Data records
┏━━
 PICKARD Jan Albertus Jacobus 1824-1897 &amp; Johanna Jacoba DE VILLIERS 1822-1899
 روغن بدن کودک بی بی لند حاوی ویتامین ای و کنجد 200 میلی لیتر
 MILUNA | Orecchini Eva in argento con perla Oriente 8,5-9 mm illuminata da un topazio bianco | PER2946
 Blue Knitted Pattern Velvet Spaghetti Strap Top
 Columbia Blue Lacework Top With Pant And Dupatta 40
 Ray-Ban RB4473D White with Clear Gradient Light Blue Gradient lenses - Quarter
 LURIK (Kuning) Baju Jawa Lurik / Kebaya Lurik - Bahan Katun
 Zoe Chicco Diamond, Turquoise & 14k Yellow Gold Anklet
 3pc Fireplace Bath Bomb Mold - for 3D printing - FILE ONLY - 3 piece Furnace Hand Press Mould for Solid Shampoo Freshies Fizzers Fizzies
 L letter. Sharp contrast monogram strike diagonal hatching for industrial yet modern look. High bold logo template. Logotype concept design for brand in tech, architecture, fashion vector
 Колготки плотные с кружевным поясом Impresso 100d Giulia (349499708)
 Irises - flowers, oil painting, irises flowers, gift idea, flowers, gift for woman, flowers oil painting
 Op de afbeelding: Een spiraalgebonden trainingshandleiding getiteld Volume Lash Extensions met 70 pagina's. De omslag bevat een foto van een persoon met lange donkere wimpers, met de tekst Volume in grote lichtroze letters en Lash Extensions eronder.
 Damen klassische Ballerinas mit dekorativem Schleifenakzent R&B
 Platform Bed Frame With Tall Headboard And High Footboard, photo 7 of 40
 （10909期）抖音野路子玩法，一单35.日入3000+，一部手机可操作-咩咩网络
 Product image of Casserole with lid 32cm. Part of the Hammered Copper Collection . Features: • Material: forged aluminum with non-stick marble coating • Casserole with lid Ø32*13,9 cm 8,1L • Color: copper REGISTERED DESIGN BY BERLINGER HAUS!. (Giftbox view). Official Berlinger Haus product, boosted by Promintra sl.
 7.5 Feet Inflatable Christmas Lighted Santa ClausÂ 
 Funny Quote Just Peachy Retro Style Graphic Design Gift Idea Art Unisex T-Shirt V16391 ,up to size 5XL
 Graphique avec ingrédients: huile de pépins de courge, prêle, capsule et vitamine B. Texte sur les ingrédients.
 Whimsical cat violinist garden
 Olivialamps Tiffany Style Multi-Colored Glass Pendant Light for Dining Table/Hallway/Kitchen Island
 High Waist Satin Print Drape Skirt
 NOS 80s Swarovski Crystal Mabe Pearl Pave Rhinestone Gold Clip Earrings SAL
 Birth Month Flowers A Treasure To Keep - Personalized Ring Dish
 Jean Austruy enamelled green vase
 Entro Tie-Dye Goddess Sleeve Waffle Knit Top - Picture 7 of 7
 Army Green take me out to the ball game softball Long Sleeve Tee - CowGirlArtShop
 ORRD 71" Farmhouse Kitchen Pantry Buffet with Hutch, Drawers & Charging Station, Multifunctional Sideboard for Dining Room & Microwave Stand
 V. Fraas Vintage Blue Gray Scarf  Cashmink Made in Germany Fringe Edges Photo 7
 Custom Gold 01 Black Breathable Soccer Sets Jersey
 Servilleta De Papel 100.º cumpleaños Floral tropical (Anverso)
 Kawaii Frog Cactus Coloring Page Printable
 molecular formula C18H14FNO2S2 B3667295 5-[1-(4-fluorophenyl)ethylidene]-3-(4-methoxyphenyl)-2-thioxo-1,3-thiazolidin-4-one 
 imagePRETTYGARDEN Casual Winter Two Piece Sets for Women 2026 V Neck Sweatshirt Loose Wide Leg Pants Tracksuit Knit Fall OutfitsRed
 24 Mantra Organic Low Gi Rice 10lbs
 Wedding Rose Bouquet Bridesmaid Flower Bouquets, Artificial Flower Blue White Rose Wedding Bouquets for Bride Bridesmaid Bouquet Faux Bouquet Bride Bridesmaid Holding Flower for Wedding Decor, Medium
┗━━
Output the records exactly, so that each line matches what was given.

 PICKARD Jan Albertus Jacobus 1824-1897 &amp; Johanna Jacoba DE VILLIERS 1822-1899
 روغن بدن کودک بی بی لند حاوی ویتامین ای و کنجد 200 میلی لیتر
 MILUNA | Orecchini Eva in argento con perla Oriente 8,5-9 mm illuminata da un topazio bianco | PER2946
 Blue Knitted Pattern Velvet Spaghetti Strap Top
 Columbia Blue Lacework Top With Pant And Dupatta 40
 Ray-Ban RB4473D White with Clear Gradient Light Blue Gradient lenses - Quarter
 LURIK (Kuning) Baju Jawa Lurik / Kebaya Lurik - Bahan Katun
 Zoe Chicco Diamond, Turquoise & 14k Yellow Gold Anklet
 3pc Fireplace Bath Bomb Mold - for 3D printing - FILE ONLY - 3 piece Furnace Hand Press Mould for Solid Shampoo Freshies Fizzers Fizzies
 L letter. Sharp contrast monogram strike diagonal hatching for industrial yet modern look. High bold logo template. Logotype concept design for brand in tech, architecture, fashion vector
 Колготки плотные с кружевным поясом Impresso 100d Giulia (349499708)
 Irises - flowers, oil painting, irises flowers, gift idea, flowers, gift for woman, flowers oil painting
 Op de afbeelding: Een spiraalgebonden trainingshandleiding getiteld Volume Lash Extensions met 70 pagina's. De omslag bevat een foto van een persoon met lange donkere wimpers, met de tekst Volume in grote lichtroze letters en Lash Extensions eronder.
 Damen klassische Ballerinas mit dekorativem Schleifenakzent R&B
 Platform Bed Frame With Tall Headboard And High Footboard, photo 7 of 40
 （10909期）抖音野路子玩法，一单35.日入3000+，一部手机可操作-咩咩网络
 Product image of Casserole with lid 32cm. Part of the Hammered Copper Collection . Features: • Material: forged aluminum with non-stick marble coating • Casserole with lid Ø32*13,9 cm 8,1L • Color: copper REGISTERED DESIGN BY BERLINGER HAUS!. (Giftbox view). Official Berlinger Haus product, boosted by Promintra sl.
 7.5 Feet Inflatable Christmas Lighted Santa ClausÂ 
 Funny Quote Just Peachy Retro Style Graphic Design Gift Idea Art Unisex T-Shirt V16391 ,up to size 5XL
 Graphique avec ingrédients: huile de pépins de courge, prêle, capsule et vitamine B. Texte sur les ingrédients.
 Whimsical cat violinist garden
 Olivialamps Tiffany Style Multi-Colored Glass Pendant Light for Dining Table/Hallway/Kitchen Island
 High Waist Satin Print Drape Skirt
 NOS 80s Swarovski Crystal Mabe Pearl Pave Rhinestone Gold Clip Earrings SAL
 Birth Month Flowers A Treasure To Keep - Personalized Ring Dish
 Jean Austruy enamelled green vase
 Entro Tie-Dye Goddess Sleeve Waffle Knit Top - Picture 7 of 7
 Army Green take me out to the ball game softball Long Sleeve Tee - CowGirlArtShop
 ORRD 71" Farmhouse Kitchen Pantry Buffet with Hutch, Drawers & Charging Station, Multifunctional Sideboard for Dining Room & Microwave Stand
 V. Fraas Vintage Blue Gray Scarf  Cashmink Made in Germany Fringe Edges Photo 7
 Custom Gold 01 Black Breathable Soccer Sets Jersey
 Servilleta De Papel 100.º cumpleaños Floral tropical (Anverso)
 Kawaii Frog Cactus Coloring Page Printable
 molecular formula C18H14FNO2S2 B3667295 5-[1-(4-fluorophenyl)ethylidene]-3-(4-methoxyphenyl)-2-thioxo-1,3-thiazolidin-4-one 
 imagePRETTYGARDEN Casual Winter Two Piece Sets for Women 2026 V Neck Sweatshirt Loose Wide Leg Pants Tracksuit Knit Fall OutfitsRed
 24 Mantra Organic Low Gi Rice 10lbs
 Wedding Rose Bouquet Bridesmaid Flower Bouquets, Artificial Flower Blue White Rose Wedding Bouquets for Bride Bridesmaid Bouquet Faux Bouquet Bride Bridesmaid Holding Flower for Wedding Decor, Medium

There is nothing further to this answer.